DESCRIPTION OF THE TASK –
Only one portion of the data is to be written out: from the line bearing "kirron kher and anupam kher lovestory" through the line bearing "Blue Hut Hotel Nairobi Zimmer foto". Write it exactly as it appears.

═══ DATASET ENTRIES

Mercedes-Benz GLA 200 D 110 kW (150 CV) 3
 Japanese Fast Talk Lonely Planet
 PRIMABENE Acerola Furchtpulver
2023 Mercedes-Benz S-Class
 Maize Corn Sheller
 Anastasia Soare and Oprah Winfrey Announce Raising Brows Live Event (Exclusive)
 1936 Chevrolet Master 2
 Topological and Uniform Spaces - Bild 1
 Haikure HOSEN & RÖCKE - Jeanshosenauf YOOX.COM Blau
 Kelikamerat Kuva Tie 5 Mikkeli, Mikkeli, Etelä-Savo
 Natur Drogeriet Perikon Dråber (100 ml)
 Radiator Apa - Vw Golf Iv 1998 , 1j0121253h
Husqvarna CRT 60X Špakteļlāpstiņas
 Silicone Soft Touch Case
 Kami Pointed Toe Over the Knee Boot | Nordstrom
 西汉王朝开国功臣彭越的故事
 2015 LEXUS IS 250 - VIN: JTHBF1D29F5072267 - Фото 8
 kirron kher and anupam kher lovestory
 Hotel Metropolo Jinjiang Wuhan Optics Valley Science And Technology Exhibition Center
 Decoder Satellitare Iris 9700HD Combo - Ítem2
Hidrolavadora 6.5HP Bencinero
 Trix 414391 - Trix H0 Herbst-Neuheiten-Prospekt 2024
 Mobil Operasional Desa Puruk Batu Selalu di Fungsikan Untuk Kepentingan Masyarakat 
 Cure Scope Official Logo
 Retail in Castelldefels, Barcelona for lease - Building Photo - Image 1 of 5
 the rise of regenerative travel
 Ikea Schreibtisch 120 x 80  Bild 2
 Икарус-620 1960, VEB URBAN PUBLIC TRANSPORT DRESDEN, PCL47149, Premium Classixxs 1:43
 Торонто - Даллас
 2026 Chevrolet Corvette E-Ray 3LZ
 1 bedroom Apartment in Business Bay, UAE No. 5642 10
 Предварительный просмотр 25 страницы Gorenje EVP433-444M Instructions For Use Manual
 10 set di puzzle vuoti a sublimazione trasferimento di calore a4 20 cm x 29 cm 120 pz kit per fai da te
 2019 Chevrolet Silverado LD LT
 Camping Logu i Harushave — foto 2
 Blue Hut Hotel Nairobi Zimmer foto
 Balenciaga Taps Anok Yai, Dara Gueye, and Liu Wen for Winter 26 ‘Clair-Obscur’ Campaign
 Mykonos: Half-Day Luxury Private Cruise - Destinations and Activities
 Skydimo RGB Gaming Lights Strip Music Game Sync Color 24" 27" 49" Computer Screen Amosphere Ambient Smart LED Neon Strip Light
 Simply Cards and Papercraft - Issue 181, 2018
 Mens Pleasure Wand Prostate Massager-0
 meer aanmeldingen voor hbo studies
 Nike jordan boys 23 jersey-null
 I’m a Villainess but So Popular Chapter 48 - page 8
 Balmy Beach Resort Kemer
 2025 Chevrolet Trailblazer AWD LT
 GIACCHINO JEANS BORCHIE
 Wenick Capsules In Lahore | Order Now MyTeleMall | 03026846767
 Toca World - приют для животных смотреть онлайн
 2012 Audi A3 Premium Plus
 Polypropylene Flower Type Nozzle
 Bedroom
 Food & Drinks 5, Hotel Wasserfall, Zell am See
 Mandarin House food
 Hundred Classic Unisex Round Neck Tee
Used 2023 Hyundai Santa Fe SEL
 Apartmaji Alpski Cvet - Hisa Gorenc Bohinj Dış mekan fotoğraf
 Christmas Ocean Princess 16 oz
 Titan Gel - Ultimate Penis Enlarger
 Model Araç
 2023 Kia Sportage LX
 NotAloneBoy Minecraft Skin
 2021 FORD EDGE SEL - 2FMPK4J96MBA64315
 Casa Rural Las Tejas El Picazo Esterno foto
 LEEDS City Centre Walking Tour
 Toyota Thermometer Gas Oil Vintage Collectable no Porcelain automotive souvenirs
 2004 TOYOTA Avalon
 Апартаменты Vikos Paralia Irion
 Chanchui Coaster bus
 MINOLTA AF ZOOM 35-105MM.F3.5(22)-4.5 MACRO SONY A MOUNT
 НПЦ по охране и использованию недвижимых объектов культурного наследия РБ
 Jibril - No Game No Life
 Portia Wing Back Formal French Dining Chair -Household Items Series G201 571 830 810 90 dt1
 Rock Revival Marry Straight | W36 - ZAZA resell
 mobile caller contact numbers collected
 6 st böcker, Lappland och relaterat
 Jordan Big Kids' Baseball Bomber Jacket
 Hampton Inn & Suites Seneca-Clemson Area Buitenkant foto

══════

RESULT OF THIS EXERCISE –
 kirron kher and anupam kher lovestory
 Hotel Metropolo Jinjiang Wuhan Optics Valley Science And Technology Exhibition Center
 Decoder Satellitare Iris 9700HD Combo - Ítem2
Hidrolavadora 6.5HP Bencinero
 Trix 414391 - Trix H0 Herbst-Neuheiten-Prospekt 2024
 Mobil Operasional Desa Puruk Batu Selalu di Fungsikan Untuk Kepentingan Masyarakat 
 Cure Scope Official Logo
 Retail in Castelldefels, Barcelona for lease - Building Photo - Image 1 of 5
 the rise of regenerative travel
 Ikea Schreibtisch 120 x 80  Bild 2
 Икарус-620 1960, VEB URBAN PUBLIC TRANSPORT DRESDEN, PCL47149, Premium Classixxs 1:43
 Торонто - Даллас
 2026 Chevrolet Corvette E-Ray 3LZ
 1 bedroom Apartment in Business Bay, UAE No. 5642 10
 Предварительный просмотр 25 страницы Gorenje EVP433-444M Instructions For Use Manual
 10 set di puzzle vuoti a sublimazione trasferimento di calore a4 20 cm x 29 cm 120 pz kit per fai da te
 2019 Chevrolet Silverado LD LT
 Camping Logu i Harushave — foto 2
 Blue Hut Hotel Nairobi Zimmer foto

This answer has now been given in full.